Gilbert Rozon a aujourd'hui tout le temps qu'il faut pour courtiser des dirigeants et administrateurs des villes du monde entier. De piloter des projets d'expansion à Londres, Nantes, Toronto et où encore. Et si Montréal devenait moins une priorité? «Pour l'instant, Montréal reste le vaisseau amiral. On a la capacité de créer ici des spectacles qui vont circuler. Le show de Florence Foresti (NDLR: l'humoriste française animera deux galas pendant le festival Juste pour rire), par exemple, a été créé à Nantes. On est content que le Cirque du Soleil parte de chez nous et fasse le tour du monde. On veut la même chose. Je reste un amoureux de ma ville.»

La Comédie-Française

Il y a quelques mois, Gilbert Rozon a marqué un dernier grand coup avant de quitter la présidence du festival: faire venir la Comédie-Française à Montréal, le temps de 15 représentations du Malade imaginaire de Molière, pendant le festival Juste pour rire (du 11 au 20 juillet). Un rêve qu'il caresse depuis 15 ans. «Je me suis attaqué à ça il y a longtemps, confirme Rozon. Mais à nos premières années, Juste pour rire avait une image d'humour très forte. Avec le temps, on a élargi le vocabulaire. Les journaux ont façonné notre image également. Ces 10-15 dernières années, j'ai mis plus d'efforts. J'ai rencontré les directeurs précédents de la Comédie-Française. J'ai accepté de me faire «rabrouer», même si j'ai toujours été bien reçu. Mais dès que Muriel Mayette a été nommée présidente, je me suis documenté sur elle. Elle est très ouverte d'esprit.»

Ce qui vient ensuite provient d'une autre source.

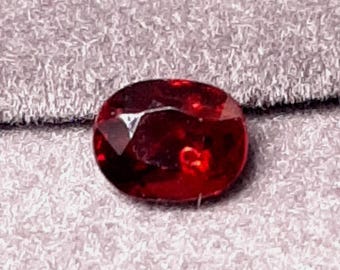 RED SPINEL - 1.11 cts - VS clarity gemstone from Sri Lanka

Le buste de Molière qui trône dans le bureau de Juste pour rire à Montréal de Rozon fait état de tout l'amour qu'il porte à l'institution vieille de 328 ans. «J'aime les institutions. C'est vrai! lance Rozon. J'aime les choses qui durent. La Comédie-Française a été fondée sous Louis XIV. Il y a toute une mystique autour de ça. Au premier voyage que j'ai fait à Paris en 1974, je suis tout de suite allé à la Comédie-Française. Depuis les années 90, c'est explosif. Les représentations sont toujours à guichet fermé. L'élite autant que le grand public y assistent. La Comédie-Française est un lieu de création important.»

Gilbert Rozon n'a pas hésité à vider les coffres de Juste pour rire pour accueillir la prestigieuse troupe. «C'est une grosse opération, dit-il. On sait qu'on va perdre de l'argent. Ça coûte plusieurs centaines de milliers de dollars, voire près du million, mais c'est un coup d'éclat. C'est un privilège du président!»